İnanın ki hakemlerimiz o kadar güzel maçlar yönettik ki, Süper Lig ve diğer liglere örnek olacak, müsabakalar yönettiler.
Son olarak şunu da belirteyim geçen hafta Hakkâri’de hakem aday kursu başvuruları oldu. İnanın katılım o kadar fazlaydı ki, Türkiye’de ilk kez nüfus oranına göre bu kadar başvuru ve katılım oldu.
Şahsım ve Futbol camiası olarak Hakkâri Futbol İl Hakem Kurulu Başkanı EROL HANLIGİL ve ekibine, Hakem ve Gözlemciler Derneği Başkanı Seyfullah KAYA ve tüm hakemlerimize sonsuz teşekkürü tüm futbol camiası adına bir borç bilirim. Hepsinin eline, düdüğüne, emeğine ve yüreğine sağlık.
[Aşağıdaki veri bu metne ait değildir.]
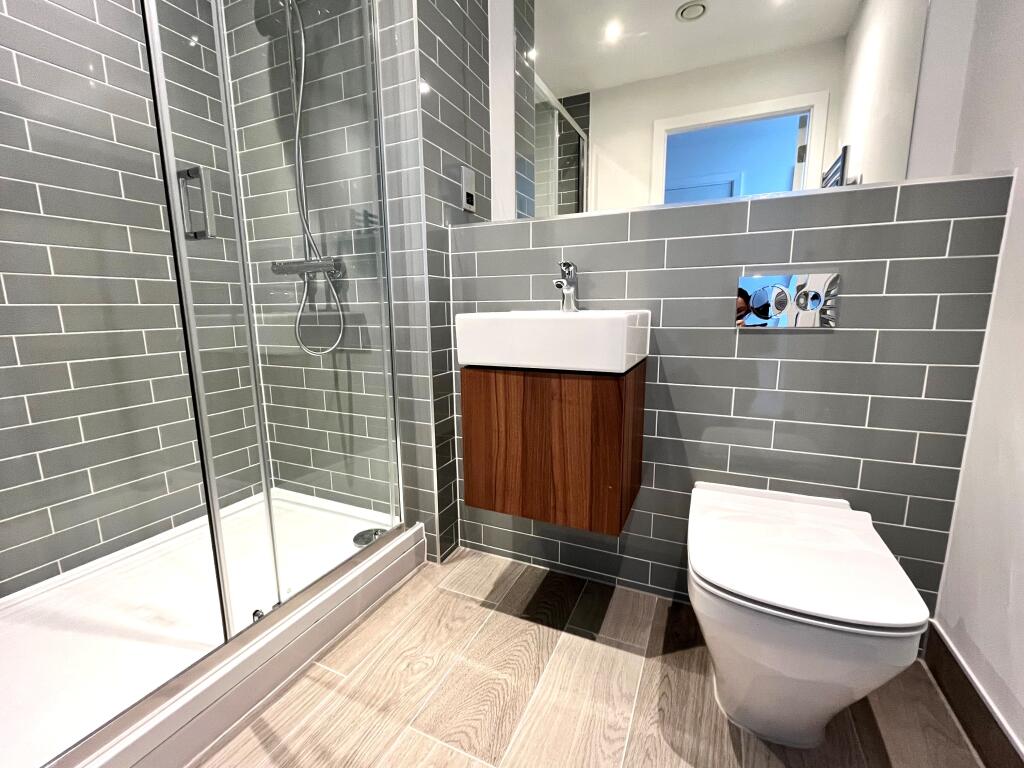 Additional image 5 of Gunsmith House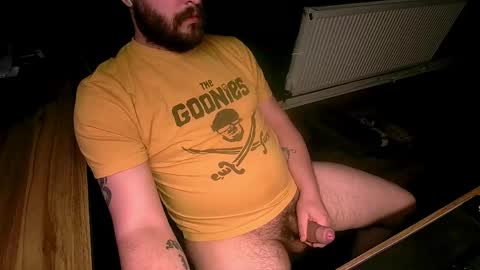 Luke online show from March 24, 2026, 1:10 am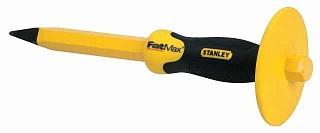 Зубило каменщика с защитой рук 44х250мм FatMax STANLEY 4-18-333
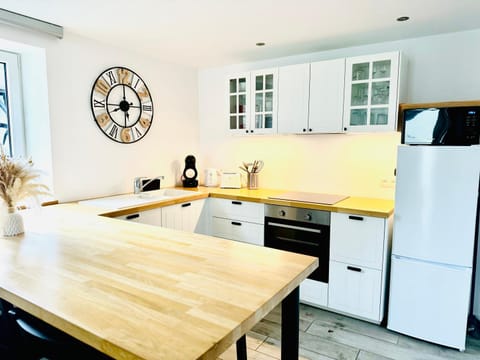 Cocoon House in Wallonia, Belgium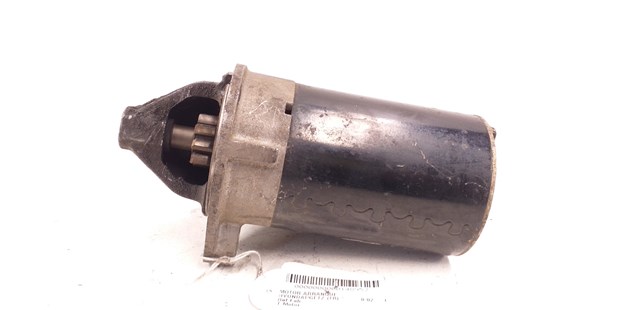 TM000A37001 Motor de arranque  en stock Granada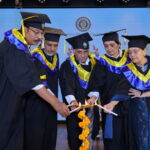 Graduation Felicitation Ceremony Class of 2021-2022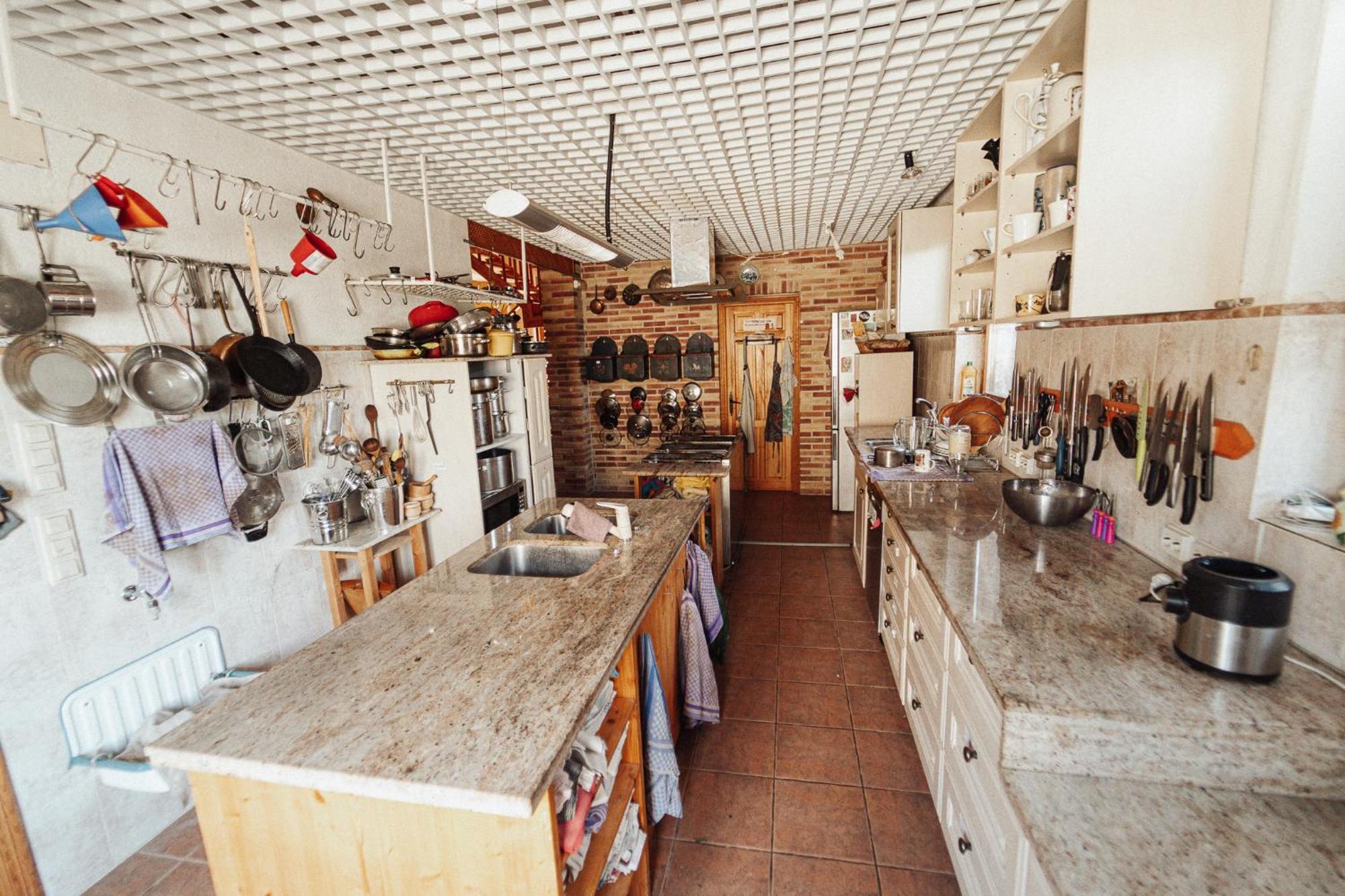 Nature Home Maitreya Lorca  Exterior foto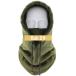  защита горла "neck warmer" обратная сторона ворсистый капот утеплитель шарф снуд мужской женский лыжи маска шляпа защищающий от холода пыленепроницаемый . способ теплый осень-зима 20 плата 30 плата 40 плата 50 плата 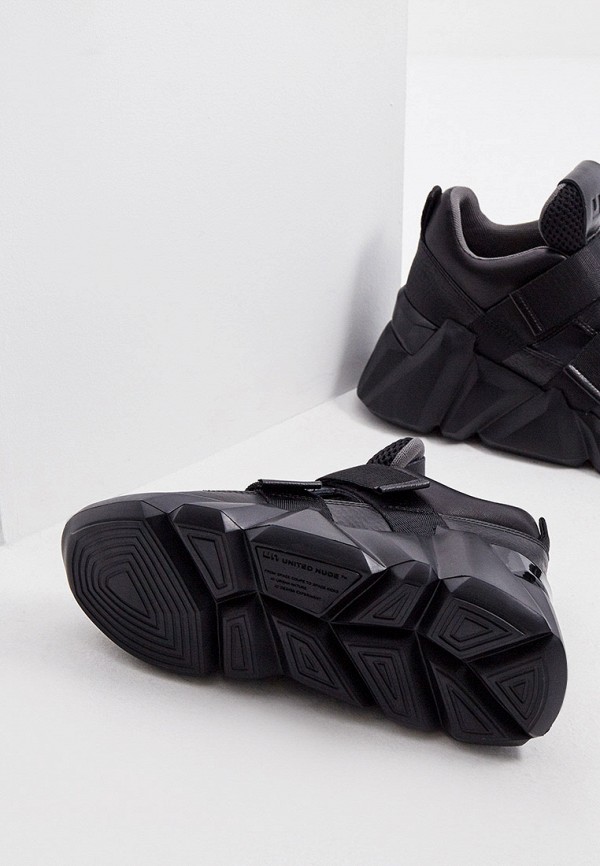 фото Кроссовки united nude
Allah hepsinden razı olsun iyi ki varsınız.
Bu vesileyle buradan Türkiye Futbol Federasyonu ve Merkez Hakem Kuruluna bir çağrımdır.
Sizleri birkaç günlüğüne de olsa Hakkâri’ye davet ediyorum.
Gelin serhat şehrimiz Hakkâri’yi bir seferde olsun görün. Burada güzel, huzurlu bir şehir var. Spor ve futbolu seven şirin şehrimiz Hakkâri’ye sizleri ve yönetim kurulunuzu davet ediyorum.
Gelip Hakkâri’deki müsabakalarda görev yapan pırlanta gibi hakemlerimizin birkaç maçını seyretmelerini tavsiye ediyorum.
Hava alanımız var. Sizleri misafir edecek kadar yerimiz var. Dünyada nam salmış misafirperverliğiyle meşhur serhat şehrimiz Hakkâri’de sizleri misafir etmek ve ağırlamak istiyoruz.
Hadi biz misafirperverliğe hazırız. Sizler de hazır mısınız?